Behind the scenes, Mickey One was a difficult shoot. Arthur Penn and Warren Beatty did not see eye to eye. In a 1972 interview Beatty said, “We had a lot of trouble on that film because I didn’t know what the hell Arthur was trying to do. I didn’t know what Penn wanted…I’m not sure that he knew himself.” (Star: How Warren Beatty Seduced America, by Peter Biskind, p.69) In a 1967 article in Cahiers du Cinema, Penn said, “Warren did not want to play the role the way I wanted him to play it.” (Warren Beatty: A Private Man, by Suzanne Finstad, p.317) Penn also later said of Beatty, “At that stage in the game, I don’t think Warren was as adept an actor as he later became.” (Biskind, p.69) During filming Penn forced Beatty to perform multiple takes of numerous scenes, which ironically enough, would later become Beatty’s preferred way of working as a director. In what must have been a highlight for Penn, both Jean-Luc Godard and Francois Truffaut, the heavy hitters of the French New Wave, visited the set of Mickey One.

To the surprise of no one, Mickey One was a commercial and critical flop when it was released in September 1965. Warren Beatty later humorously told author Mark Harris, “The morning after Mickey One opened, I called the studio and said, how did it do? They said, it did thirteen dollars. I said, is that good?” (Pictures at a Revolution, by Mark Harris, p.137) Beatty also said of the movie, “It was a very good picture, but nobody understood it.” (Finstad, p.347)

Associate producer Harrison Starr said of Mickey One, “I thought we should have looked hard and found an extraordinarily eccentric guy who had still a sufficient charisma to hold the center of the film. Warren was almost too big for the film.” (Finstad, p.314) Even Peter Biskind, who really, really likes Warren Beatty, writes in his biography of Beatty: “This was one of the worst performances of Beatty’s career.” (Biskind, p.69)

1964 was a difficult year for Warren Beatty. He needed to come up with another hit movie, and he had hired Woody Allen to write the screenplay that would eventually become What’s New, Pussycat? Beatty had high hopes for the screenplay, but was annoyed when his part started getting smaller and Allen’s part kept getting bigger. When Beatty objected to producer Charles Feldman casting his girlfriend Capucine in a large role in the film, he dropped out. Beatty thought that they couldn’t do the movie without him, and that Feldman would woo him back and give Beatty what he wanted. No dice, as Beatty was replaced with Peter O’Toole, who was a much bigger star than Beatty in 1964. Of course, much to Beatty’s chagrin, What’s New, Pussycat? went on to become the huge hit that he so sorely needed. Incidentally, the film’s title comes from Beatty’s preferred way of starting a conversation with members of the opposite sex. The What’s New, Pussycat? debacle had taught Beatty one thing: that in order to get what he wanted, he would have to become a producer.

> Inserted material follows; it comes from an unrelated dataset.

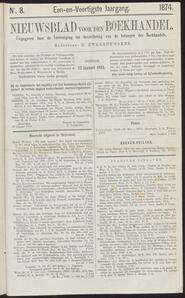 Nieuwsblad voor den boekhandel jrg 41, 1874, no 8, 27-01-1874 in 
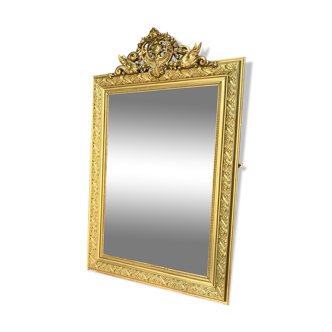 Old golden mirror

Beatty suffered through lots of bad publicity in 1964, as he was named as a corespondent in the divorce of Leslie Caron and her husband, British theater director Peter Hall. Beatty had met Caron just before rehearsals for Mickey One started. They quickly began a relationship, and she visited him on the Chicago set of Mickey One. (The Chicago studios where Mickey One was filmed eventually became Oprah’s studios.) Caron’s marriage to Peter Hall was pretty much over before Beatty came into the picture, but Beatty took the blame for breaking them up. A nasty custody fight over Hall and Caron’s two children followed, and Beatty temporarily took up residence in England with Caron while the legal battle played out. Caron’s divorce was the reason that Beatty’s next movie, Promise Her Anything, in which he co-starred with Caron, was filmed in England, even though it was set in New York City. 

Even though Mickey One was not a successful film, there was still something good that came out of it. The best thing that Mickey One did was to bring Warren Beatty and Arthur Penn together, as they would collaborate again on a much more brilliant film that would play a significant part in altering 20th century cinema: 1967’s Bonnie and Clyde.